> What you are asked to do: The answer consists solely of the lines running from the one with "Hotel Dusit Devarana" through the final line below, transcribed exactly and without any pictures.

—————

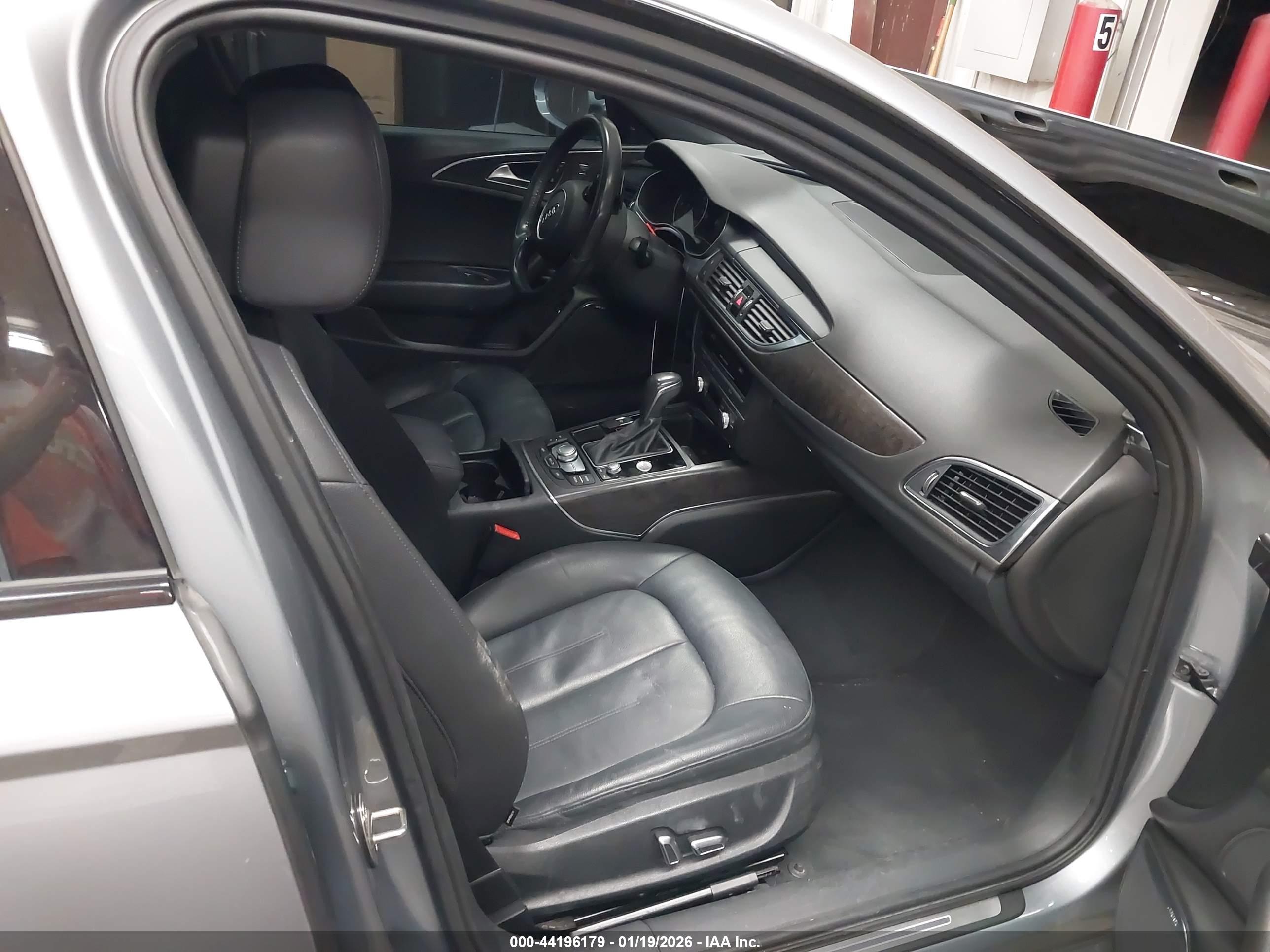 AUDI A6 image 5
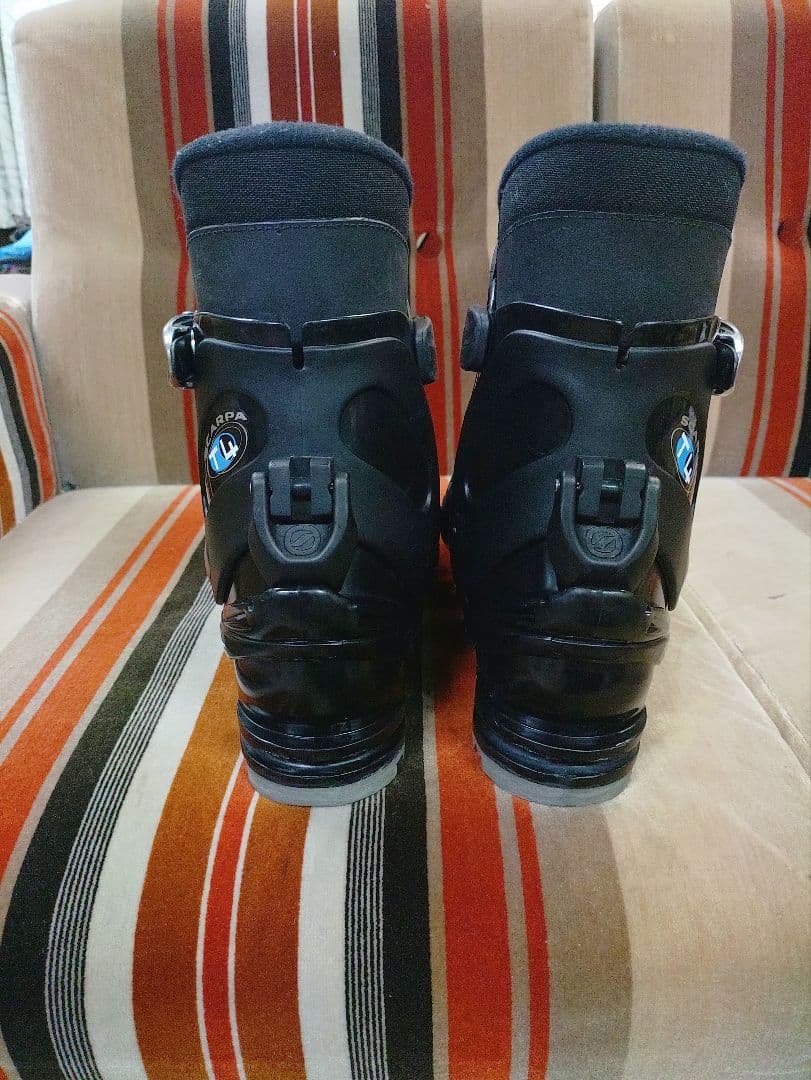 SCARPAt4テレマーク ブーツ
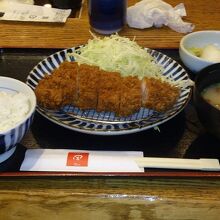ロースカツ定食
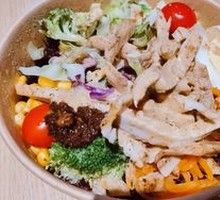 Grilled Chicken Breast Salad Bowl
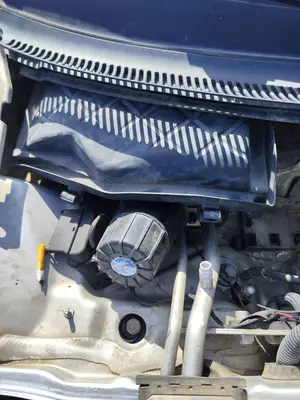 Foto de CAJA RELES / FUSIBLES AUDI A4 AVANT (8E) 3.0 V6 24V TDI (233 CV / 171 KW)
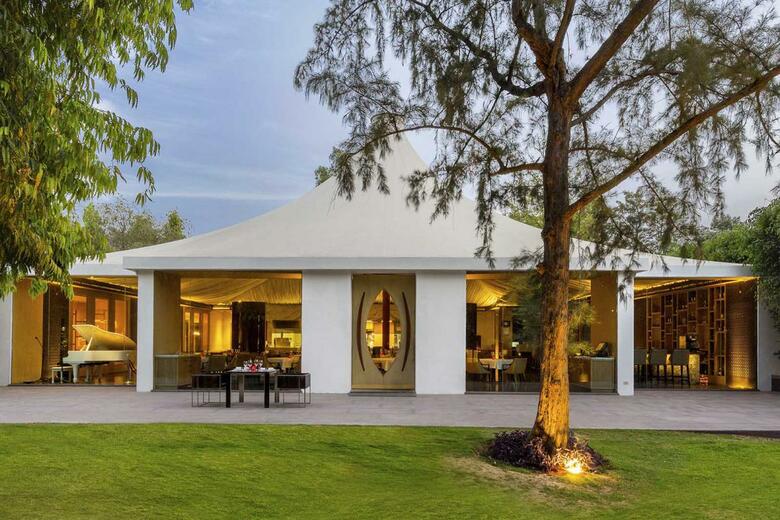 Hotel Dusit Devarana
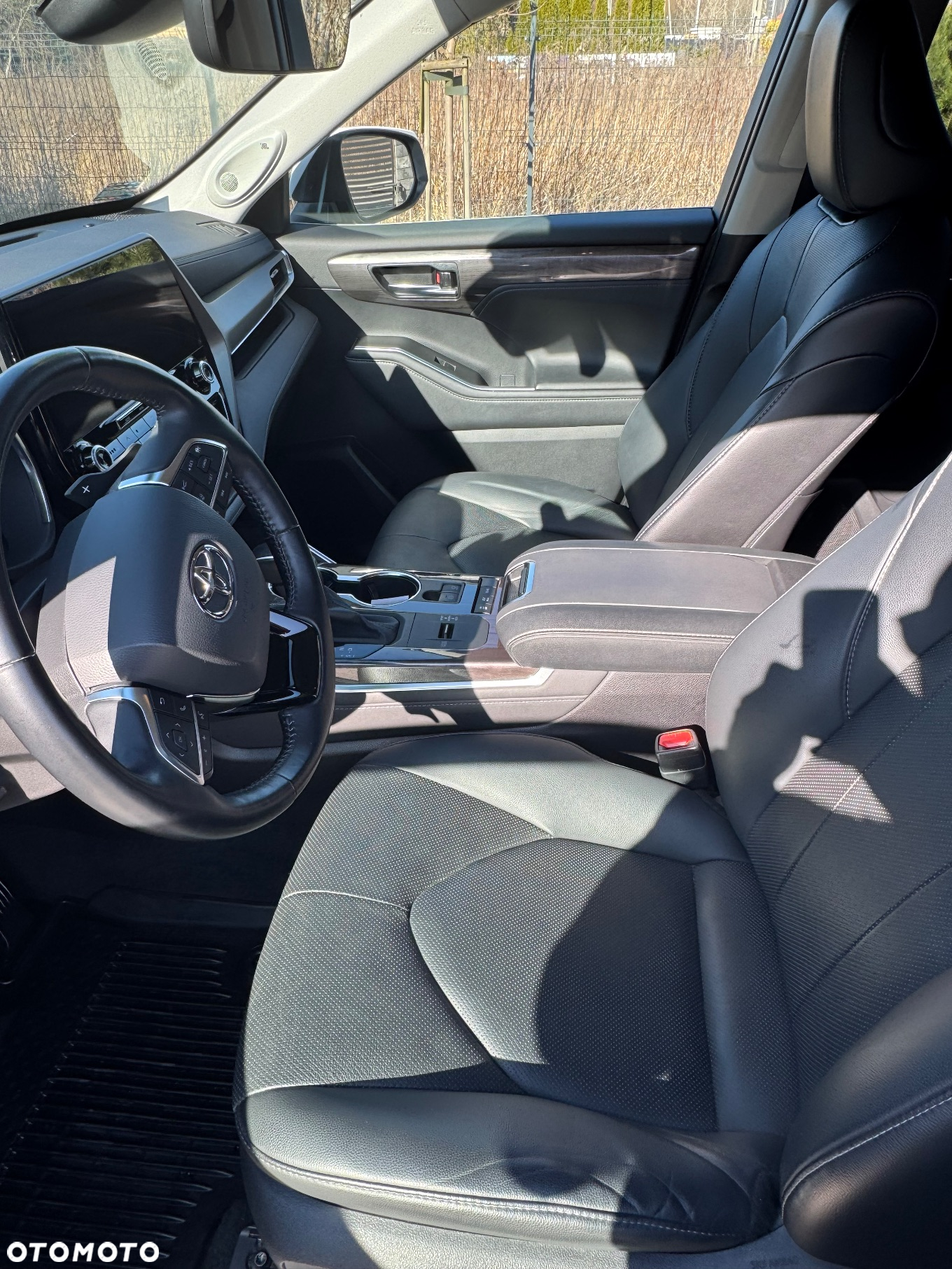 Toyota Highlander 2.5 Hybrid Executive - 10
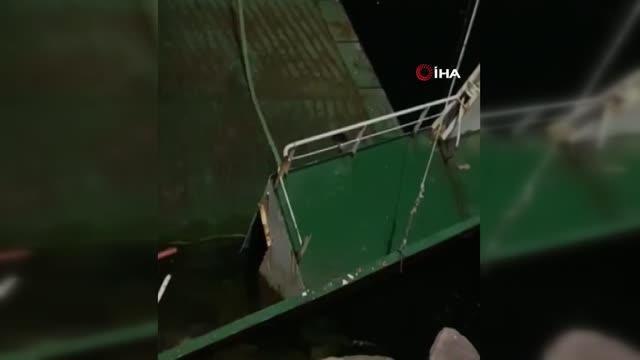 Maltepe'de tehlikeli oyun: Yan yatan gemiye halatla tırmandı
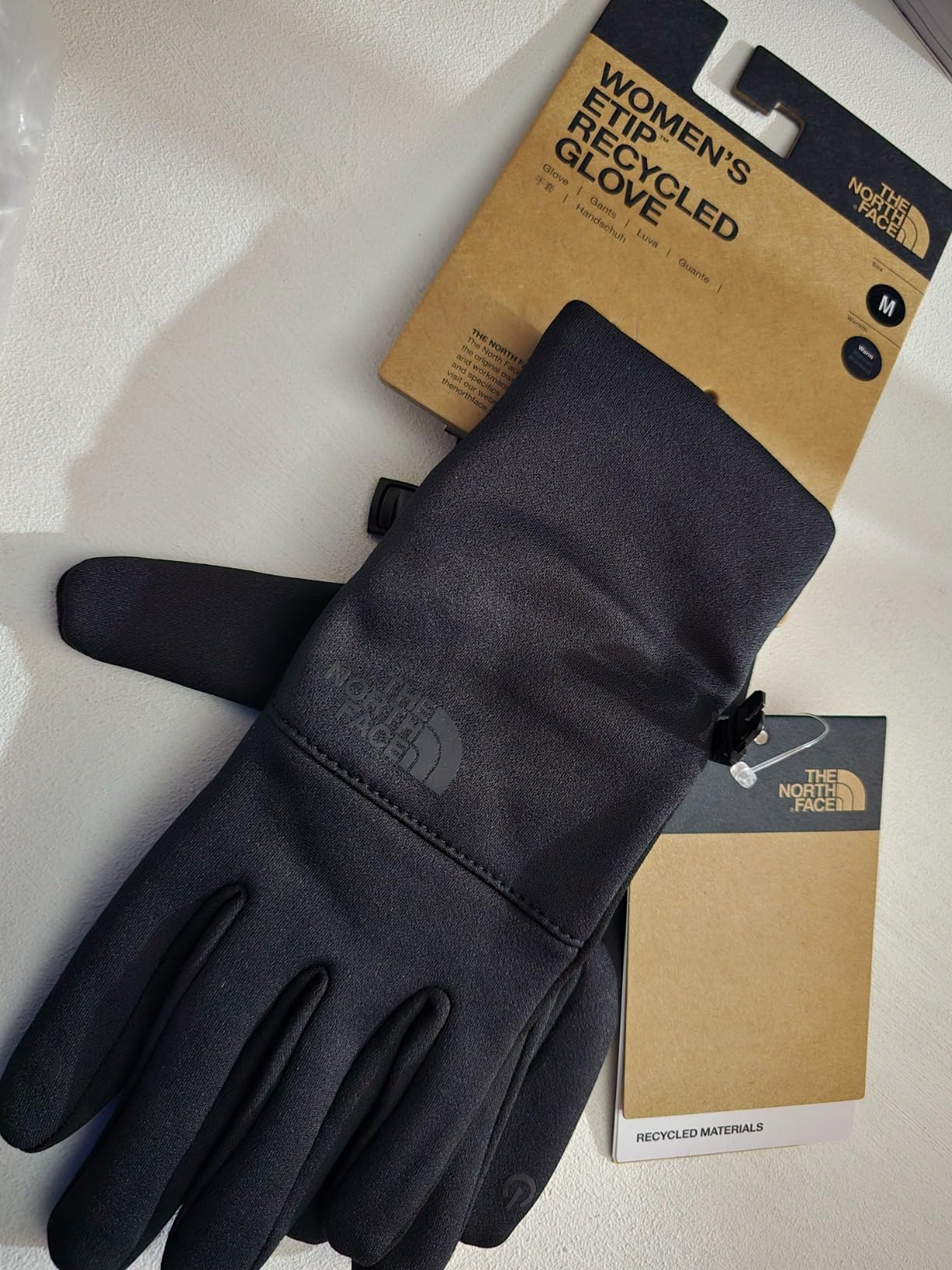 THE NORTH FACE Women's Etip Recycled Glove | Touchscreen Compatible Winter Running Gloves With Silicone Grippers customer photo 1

—————

> Task output:
 Hotel Dusit Devarana
 Toyota Highlander 2.5 Hybrid Executive - 10
 Maltepe'de tehlikeli oyun: Yan yatan gemiye halatla tırmandı
 THE NORTH FACE Women's Etip Recycled Glove | Touchscreen Compatible Winter Running Gloves With Silicone Grippers customer photo 1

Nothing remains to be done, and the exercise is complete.